Advanced PDF parsing for python
Project description
Burdoc: Advanced PDF Parsing for Python
A python library for extracting structured text, images, and tables from PDFs with context and reading order.
Table Of Contents
- Table Of Contents
- About the Project
- Quickstart
- Usage
- Roadmap
- Built With
- Contributing
- License
- Authors
- Acknowledgements
About the Project
Why Another PDF Parsing Library?
Excellent question! Between pdfminer, PyMuPDF, Tika, and many others there are a plethora of tools for parsing PDFs, but nearly all are focused on the initial step of pulling out raw content, not on representing the documents actual meaning. Burdoc's goal is to generate a rich semantic representation of a PDF, including headings, reading order, tables, and images that can be used for downstream processing.
Key Features
-
Rich Document Representation: Burdoc is able to identify most common types of text, including:
- Paragraphs
- Headings
- Lists (ordered and unordered)
- Headers, footers and sidebars,
- Visual Asides such as read-out boxes
-
Structured Output: Burdoc generates a comprehensive JSON representation of the text.
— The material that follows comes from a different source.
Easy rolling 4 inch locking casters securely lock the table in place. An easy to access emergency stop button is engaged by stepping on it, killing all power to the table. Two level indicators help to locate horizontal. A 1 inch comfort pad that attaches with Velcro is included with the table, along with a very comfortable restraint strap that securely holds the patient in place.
Unlike many other tools it preserves information such metadata, fonts, and original bounding boxes to give downstream users as much information as is needed.
-
Complex Reading Order Inference: Burdoc uses a multi-stage algorithm to infer reading order even in complex pages with changing numbers of columns, split sections, and asides.
-
ML-Powered Table Extraction: Burdoc makes use of the latest machine learning models for identifying tables, alongside a rules-based approach to identify inline tables.
-
Large Documents: By relying on PyMuPDF rather than pdfminer, the core PDF reading task is substantially faster than other libraries, and can handle large files (~1000s of pages or 100s of Mbs in size) with ease. Running a single page through Burdoc can be quite slow due to expensive initialisation requirements and takes O(2s) but with GPU acceleration and multithreading support we can process documents at 0.2-0.5s/page
Limitations
- OCR: As Burdoc relies on high-precision font and location information for it's processing it is likely to perform badly when parsing OCR'd files.
- Right-to-Left Text: All parsing is for left-to-right languages only.
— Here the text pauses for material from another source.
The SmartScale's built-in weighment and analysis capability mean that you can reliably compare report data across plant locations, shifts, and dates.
- Complex Figures: Areas with large amounts of text arranged around figures in a arbitrary fashion will not be extracted correctly.
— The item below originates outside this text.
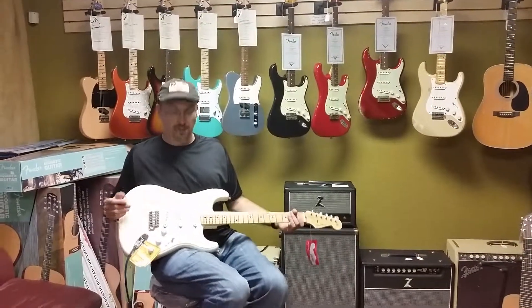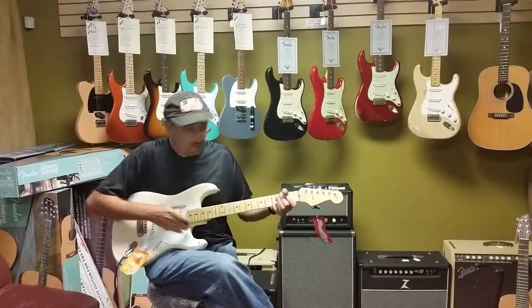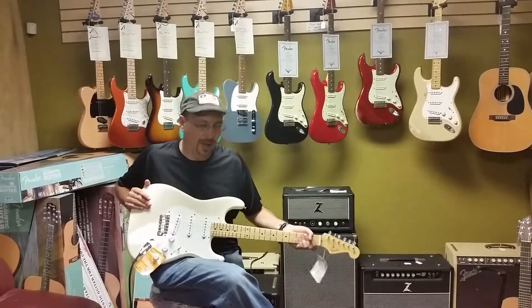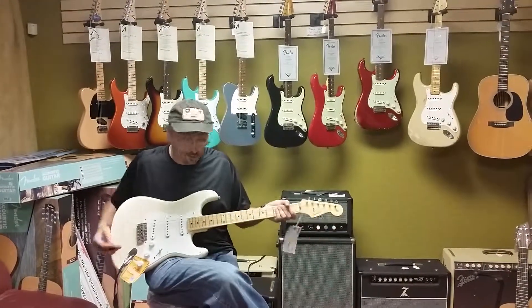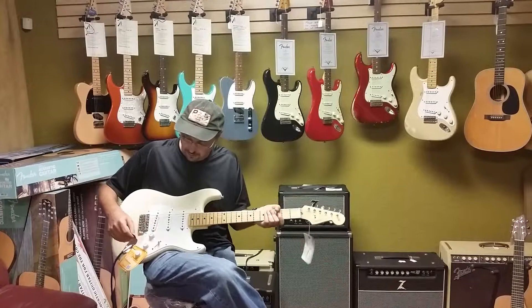Hey, it's Bobby D. A little something different here. This is the American Vintage Series. You got that 50s maple neck blonde over ash. This is a great guitar. A little bit of weight to it. Nice toneful, a little darker sounding than some Strats.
- Forms: Currently Burdoc has no way to recognise complex forms.
Quickstart
More detailed information on running Burdoc can be found here - Docs
Prerequisites
ML Prerequisites
The transformer-based table detection use by Burdoc by default can be quite slow on CPU, often taking several seconds per page, you'll see a large performance increase by running it on a GPU. To avoid messing around with package versions after the fact, it's generally better to install GPU drivers and GPU accelerated versions of PyTorch first if available.
Installation
To install burdoc from pip
pip install burdoc
To build it directly from source
git clone https://github.com/jennis0/burdoc
cd burdoc
pip install .
Developer Install
To reproduce the development environment for running builds, tests, etc. use
pip install burdoc[dev]
or
git clone https://github.com/jennis0/burdoc
cd burdoc
pip install -e ".[dev]"
Usage
Burdoc can be used as a library or directly from the command line depending on your usecase.
Command Line
usage: burdoc [-h] [--pages PAGES] [--html] [--detailed] [--no-ml-tables] [--images] [--single-threaded] [--profile] [--debug] in_file [out_file]
positional arguments:
in_file Path to the PDF file you want to parse
out_file Path to file to write output to. Defaults to [in-file-stem].json/[in-file-stem].html
optional arguments:
-h, --help show this help message and exit
--pages PAGES List of pages to process. Accepts comma separated list and ranges specified with '-'
--html Output a simple HTML representation of the document, rather than the JSON content.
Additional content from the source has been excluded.